There’s an obsessive quality to the book, from its dedication to “the type of silence that you can’t get out of your head” to its focused subject/singular investigation and meticulous organization. Quotes from Satie bookend the collection—one appearing even before the title page, the other on the very last page, facing the back cover, almost as if endpapers—and floating unattributed quotes, presumably also from Satie, are interspersed throughout the book. Casually flipping through the pages, the reader will see a great variety of forms, from sheet music to prose blocks to numbered lists, and poems crossed out. Meanwhile, each of the twenty-seven poems within uses one of only six titles. The most distinctive of the six are the “Gnossiene[s],” which consist of the sheet music for Satie’s compositions of the same name but have Alessandrelli’s words, specifically written for these pieces of music, written in. For readers who are unfamiliar with how to read sheet music, Alessandrelli includes the poem sans music on the following pages. Like the “Gnoissiene[s],” the poems that share the title “A Game of Numbers” also have a distinct form—numbered lists—that sets them apart from the other poems in the collection.

The poems under the remaining four titles lack the formal qualities that connect the poems in the two aforementioned series; rather they seem to be drawn together thematically. For example, the “On Blast” poems appear to be written from the author’s perspective at the time of writing the pieces as he thought about and listened to Satie—perhaps the “on blast” referring here to speaker volume. The poems titled “The Veiled History of Erik Satie” are connected through their shared focus on Satie’s death and legacy—from what his friends discovered after entering his apartment for the first time after he died:

            they discovered
an inordinate amount of umbrellas,

many of them still encased in wrapping,
obviously never used,

and four pianos in varying states
of disrepair, two with their backs

up against one and other,
two more stacked upside down

on top of the other two.
Also, of course, a yellowed and trembling

packet of love letters,
never mailed

to where he fits in today: “Nowadays known as ambient music, / Erik Satie invented furniture music.”

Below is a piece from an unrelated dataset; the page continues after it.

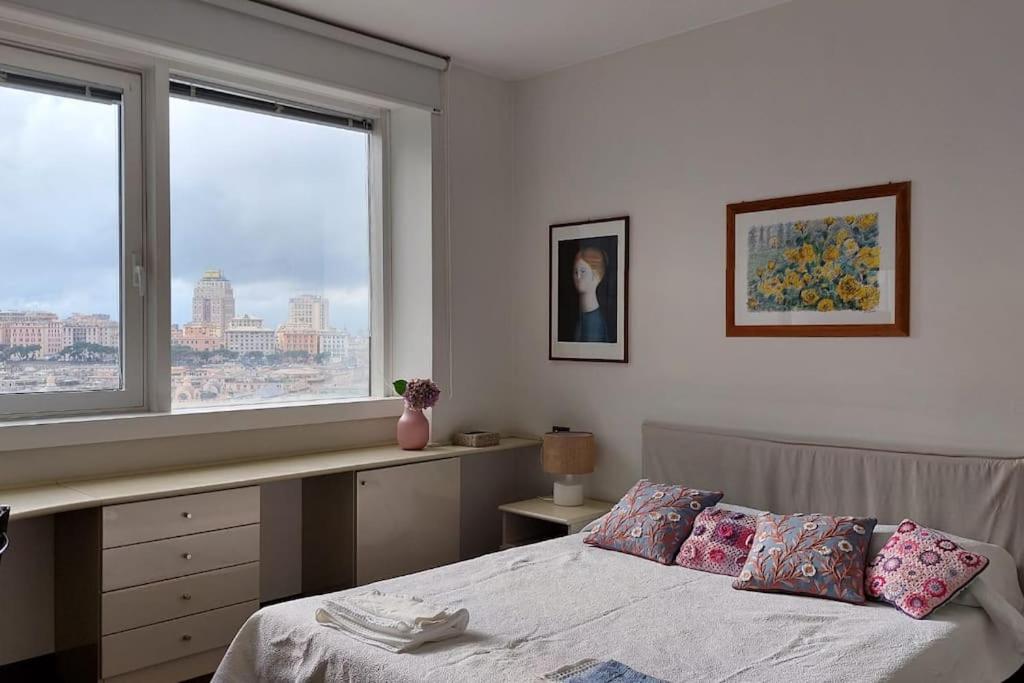 Centro Citta, Vista, Free Park. Appartamento *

However, it’s a bit of a mistake to get too bogged down in thinking about what ties certain poems together when there is so much throughout the collection—wonderful imagery and phrases as well as playful repetitions and inversions—to delight in. Further, there’s no need for the reader to be a fan of Satie or even to have ever heard his music to enjoy these lyric pieces:

As a child I thought you could press a snowflake
into static pages of a book
the same way you could press a flower
and that snowflake would stay intact, indelible, true.

All morning long I’ve been listening to Erik Satie,
the Sarabandes, the Nocturnes.

They sound the way most people would rather be happy than honest.

They sound the way you can’t discover the lost treasure if the ship didn’t sink.

They sound the way a sad lonely man studies a stain
on the oppressively white rug he has recently purchased.

They sound the way life is only the illusion of growth,
death the illusion of decay. (“On Blast”)

Alessandrelli draws many parallels between Satie’s life and contemporary times. In “Simple Question,” after discussing Satie’s break-up with the only woman he was ever involved with, the poem continues:

Love is no more than “a sickness of nerves” he forever declared thereafter. And we are, all of us, smitten with the same slavers: sea, wind, the exquisite anglings of the mountains of stars above. Nothing, nothing, nothing and nothing.

Overall, Erik Satie Watusies His Way Into Sound is a strong debut. A lot is packed into this slim volume of poems, but it doesn’t feel weighed down by its focused subject. It’s clear that a lot of research went into the book, but the poems sprawl, connect, and open up in ways that allow readers to enjoy them on their own. While the poems may be focused on Satie, they are ultimately ontological in nature—searching for answers and understanding but ultimately returning to that nothing, nothing, nothing and nothing.